- **PROBLEM STATEMENT**
Where the listing below has a line with "PLATATAC Collapsible MEI Grab Bag - Platatac", write out exactly that line and every line after it, stopping after the line with "Sensor 234-5038 Sensor 234-5038 von OSQZHBFE".

- **TASK DATA**
_ _ _ _
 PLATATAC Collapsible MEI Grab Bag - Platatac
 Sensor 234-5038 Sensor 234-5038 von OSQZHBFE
_ _ _ _
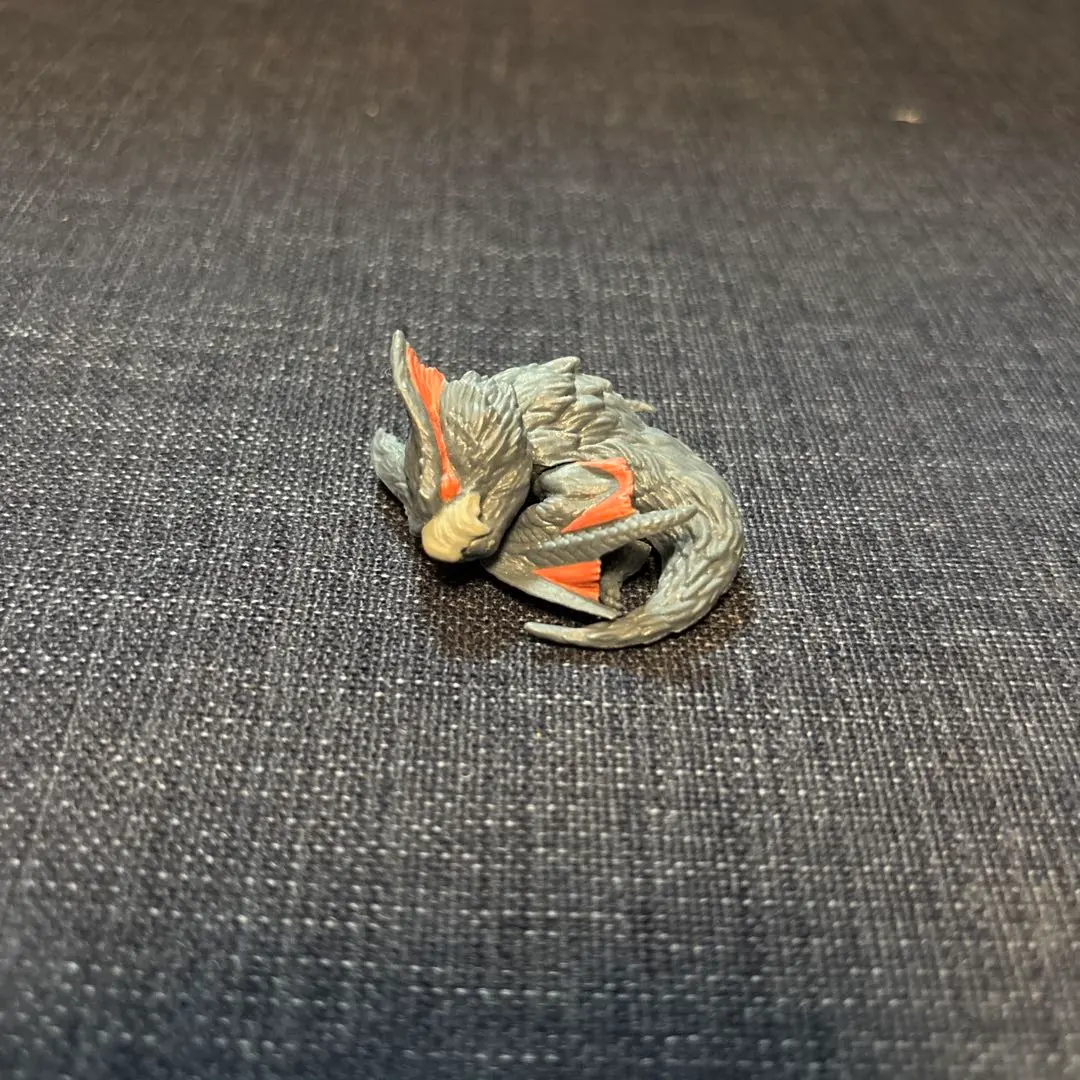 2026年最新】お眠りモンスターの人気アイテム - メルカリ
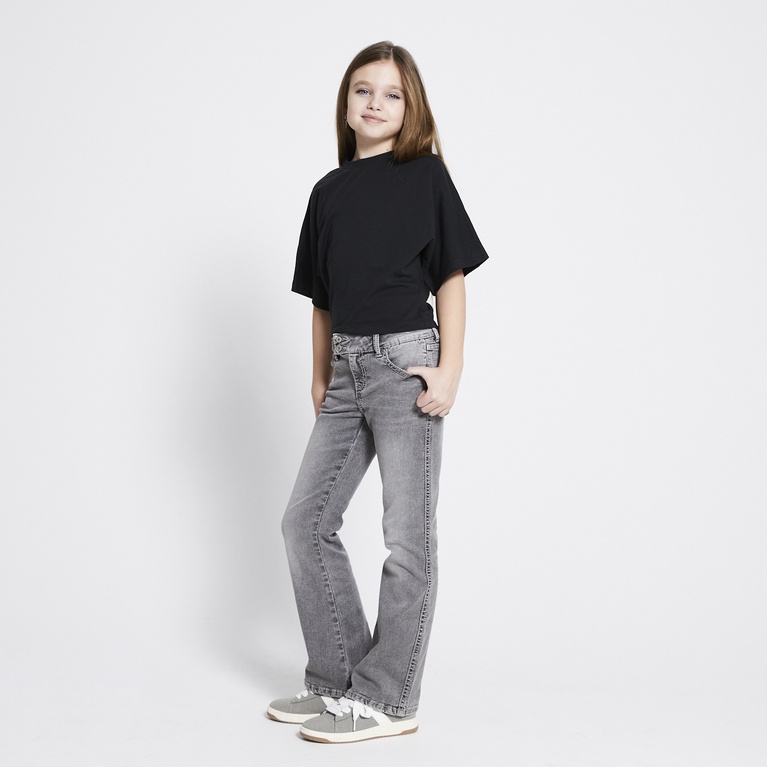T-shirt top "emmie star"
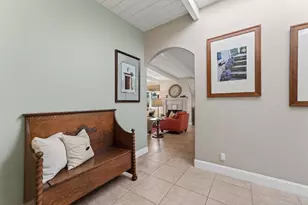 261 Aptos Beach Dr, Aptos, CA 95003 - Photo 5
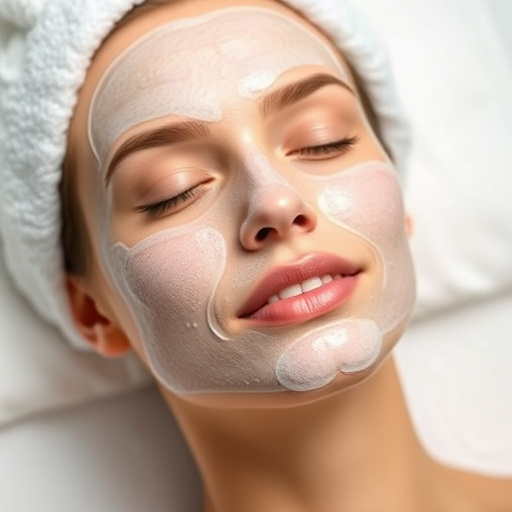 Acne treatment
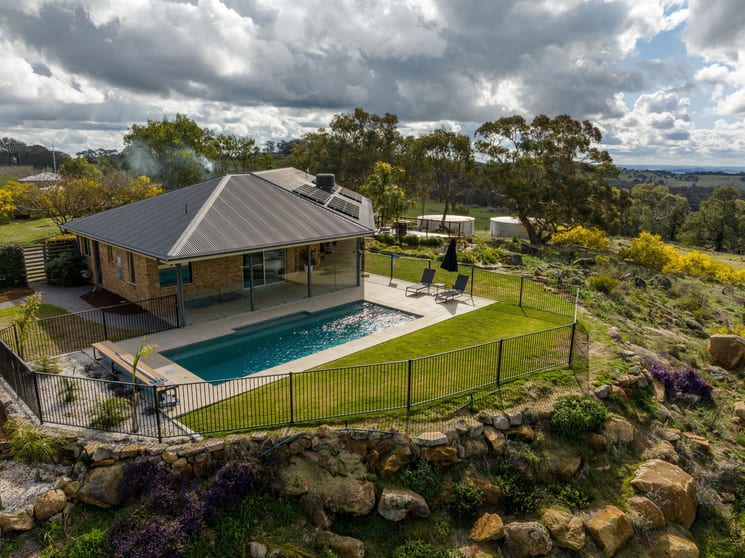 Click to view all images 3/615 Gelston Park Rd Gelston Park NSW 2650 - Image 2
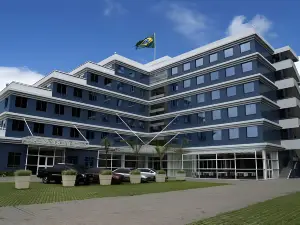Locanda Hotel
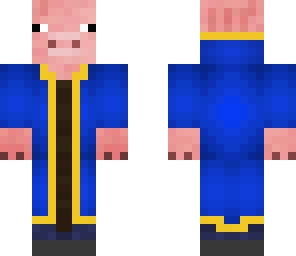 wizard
_ _ _ _
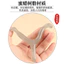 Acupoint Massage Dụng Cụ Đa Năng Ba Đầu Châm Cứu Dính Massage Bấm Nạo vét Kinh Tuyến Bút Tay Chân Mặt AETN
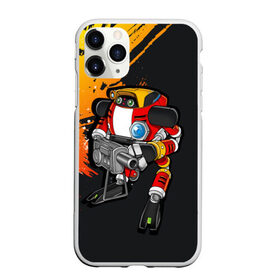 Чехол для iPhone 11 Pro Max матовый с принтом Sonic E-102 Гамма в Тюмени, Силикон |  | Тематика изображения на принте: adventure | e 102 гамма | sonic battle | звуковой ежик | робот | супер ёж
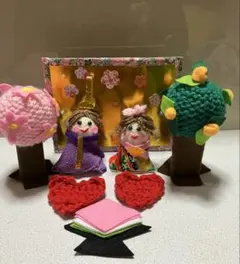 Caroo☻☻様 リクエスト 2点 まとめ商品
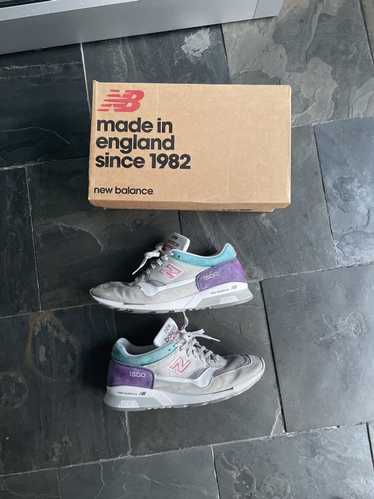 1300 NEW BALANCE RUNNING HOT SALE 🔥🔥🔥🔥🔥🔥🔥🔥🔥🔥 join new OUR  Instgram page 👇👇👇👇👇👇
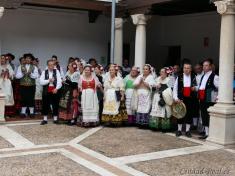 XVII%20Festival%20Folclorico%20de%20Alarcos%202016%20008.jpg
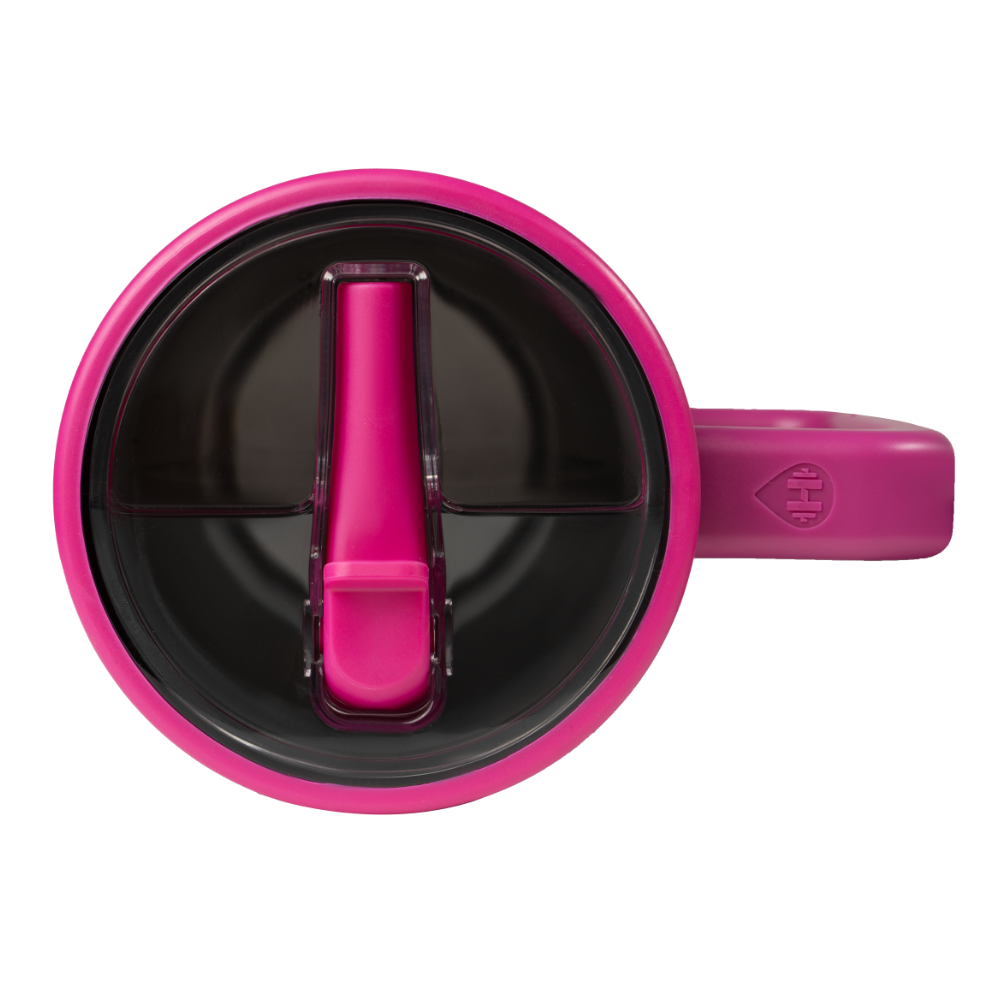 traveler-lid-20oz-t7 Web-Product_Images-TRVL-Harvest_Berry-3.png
_ _ _ _
- **EXERCISE SOLUTION**
 PLATATAC Collapsible MEI Grab Bag - Platatac
 Sensor 234-5038 Sensor 234-5038 von OSQZHBFE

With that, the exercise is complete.